19.659 grand challenges

From: Humanist Discussion Group (by way of Willard McCarty willard.mccarty_at_kcl.ac.uk>
Date: Fri, 17 Mar 2006 09:04:03 +0000

               Humanist Discussion Group, Vol. 19, No. 659.
       Centre for Computing in the Humanities, King's College London
                     Submit to: humanist_at_princeton.edu

   [1] From: "Amsler, Robert" <Robert.Amsler_at_hq.doe.gov> (21)
         Subject: RE: 19.652 a "grand challenge"

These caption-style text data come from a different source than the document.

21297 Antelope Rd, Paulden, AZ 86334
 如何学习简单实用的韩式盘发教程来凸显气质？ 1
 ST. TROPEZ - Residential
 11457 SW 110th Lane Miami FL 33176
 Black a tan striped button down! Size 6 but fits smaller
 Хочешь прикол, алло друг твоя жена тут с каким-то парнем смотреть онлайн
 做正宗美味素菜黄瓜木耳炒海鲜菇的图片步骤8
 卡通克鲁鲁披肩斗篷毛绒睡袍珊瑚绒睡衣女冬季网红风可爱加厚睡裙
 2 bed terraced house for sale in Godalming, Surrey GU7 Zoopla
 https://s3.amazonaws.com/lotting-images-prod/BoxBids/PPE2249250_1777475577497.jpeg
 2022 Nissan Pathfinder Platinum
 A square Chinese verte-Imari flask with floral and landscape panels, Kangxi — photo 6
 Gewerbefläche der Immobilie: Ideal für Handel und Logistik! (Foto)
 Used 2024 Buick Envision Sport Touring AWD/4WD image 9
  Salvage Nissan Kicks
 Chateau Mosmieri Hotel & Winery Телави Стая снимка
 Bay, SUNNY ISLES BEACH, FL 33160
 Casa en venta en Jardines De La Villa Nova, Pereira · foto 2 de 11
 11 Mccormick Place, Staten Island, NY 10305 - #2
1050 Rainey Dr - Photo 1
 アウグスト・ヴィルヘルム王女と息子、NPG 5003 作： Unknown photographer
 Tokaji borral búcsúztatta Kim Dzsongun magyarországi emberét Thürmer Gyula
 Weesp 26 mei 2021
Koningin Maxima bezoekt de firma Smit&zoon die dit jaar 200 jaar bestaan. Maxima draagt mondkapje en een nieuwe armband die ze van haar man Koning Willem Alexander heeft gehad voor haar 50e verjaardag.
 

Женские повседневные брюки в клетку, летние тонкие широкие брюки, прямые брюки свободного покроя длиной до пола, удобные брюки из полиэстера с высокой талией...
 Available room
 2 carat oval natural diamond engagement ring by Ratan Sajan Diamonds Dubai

   [2] From: Stefan Gradmann <stefan.gradmann_at_rrz.uni- (32)
         Subject: Re: 19.652 a "grand challenge"

         Date: Fri, 17 Mar 2006 08:29:52 +0000
         From: "Amsler, Robert" <Robert.Amsler_at_hq.doe.gov>
         Subject: RE: 19.652 a "grand challenge"

I think the expression could be used in any field. It would refer a
long-standing problem which has not been solved, but for which a
solution has been sought by many advanced practioners of the field and
for which most practitioners in the field believe there is a solution.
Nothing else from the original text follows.